From: Optical mapping discerns genome wide DNA methylation profiles

Figure 1

Optical mapping system. An overview of the optical mapping system. A; Large, genomic DNA molecules are elongated and arrayed as 15 mm long stripes onto positively charged surfaces using a microfluidic device; a green line depicts one channel (48 total). B; After restriction digestion and staining, an automated fluorescence microscope scanner ("Genome Zephyr"; [D]) serially acquires overlapping image frames along each of the 48 stripes laid down by the microfluidic device.

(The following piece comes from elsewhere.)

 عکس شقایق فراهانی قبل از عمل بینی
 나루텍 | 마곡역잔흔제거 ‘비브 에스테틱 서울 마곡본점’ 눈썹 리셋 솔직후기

ChannelCollect software flattens and overlaps images maintaining sub-pixel registration; ~8/170 overlapped image frames from one channel are shown. White "threads" are individual DNA molecules; blue boxes indicate each ~100 μm-wide frames. C; Machine vision (Pathfinder [32, 33]) identifies molecules and constructs ordered restriction maps for each molecule; integrated fluorescence intensity measurements estimate mass of daughter restriction fragments in kilobasepairs. D; An optical mapping station known as Genome Zephyr; pictures show microscope, fiber-optic illumination, computer controlled stage. The insert shows the optical mapping software interface–ChannelCollect. The user identifies the start and end coordinates of the first and last channel on a surface. Further channels are identified by the software. Imaging and data processing are fully automated.